Exercise: Go to the line below that contains "Italian Lire Silver Bee Cufflinks". From there to the end of the records, reproduce each line exactly, except the pictures.

Data listing:
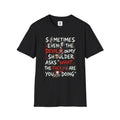 Devil On My Shoulder - Horror Graphic T-Shirt — “Sometimes Even the Devil on My Shoulder Asks ‘What the F**k Are You Doing’” | Rated 18 Years & Over -  Shipped UK
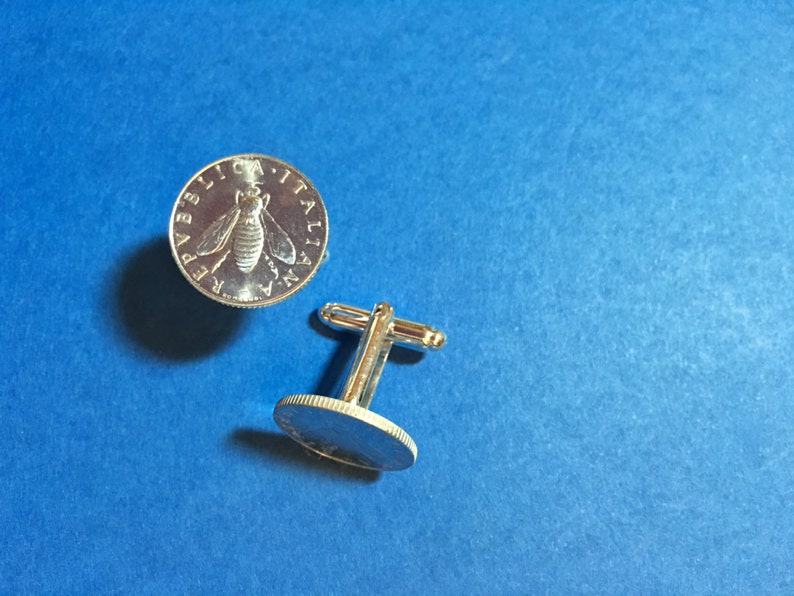 Italian Lire Silver Bee Cufflinks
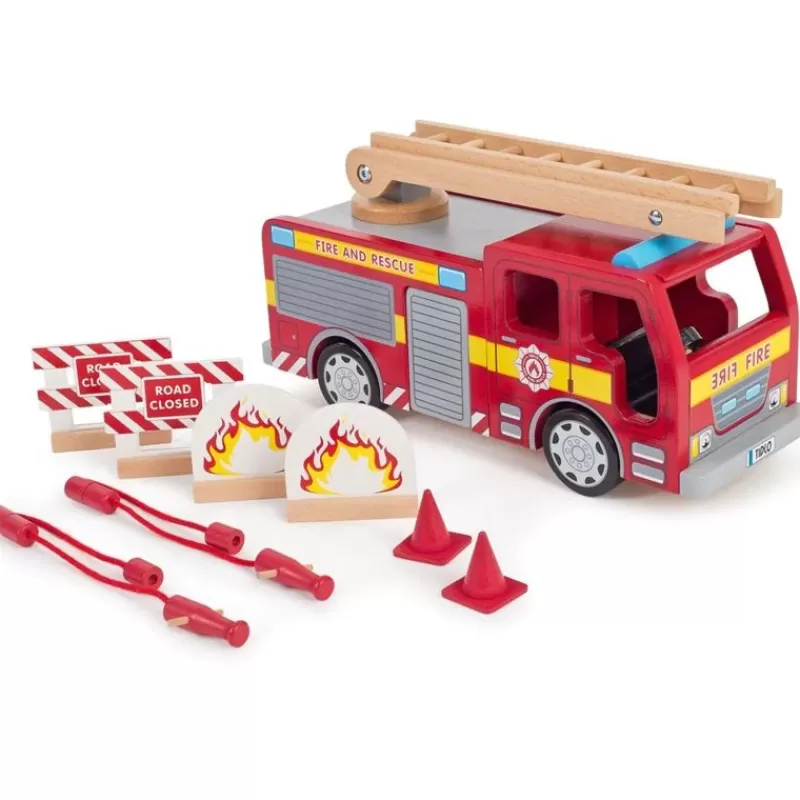 Bigjigs Toys Camion De Bomberos De Madera - ^ Los Bomberos, La Policía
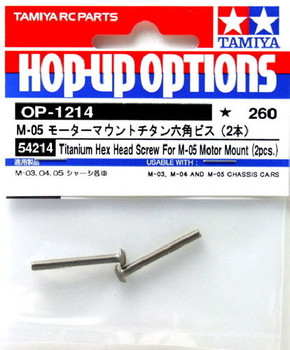 Tamiya 54214 (OP1214) Titanium Hex Head Screw 2pc (for M05 Motor Mount)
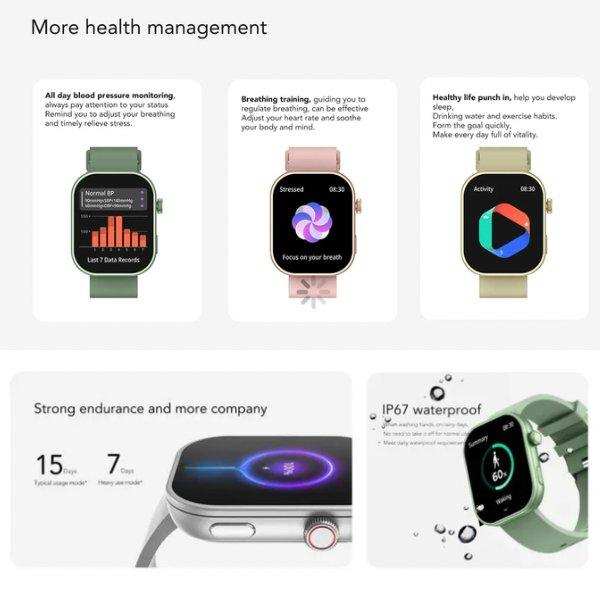 TUTT ZL8 smartwatch for men and women shown with health, waterproof, and activity tracking features TUTT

Reply:
 Italian Lire Silver Bee Cufflinks
 Bigjigs Toys Camion De Bomberos De Madera - ^ Los Bomberos, La Policía
 Tamiya 54214 (OP1214) Titanium Hex Head Screw 2pc (for M05 Motor Mount)
 TUTT ZL8 smartwatch for men and women shown with health, waterproof, and activity tracking features TUTT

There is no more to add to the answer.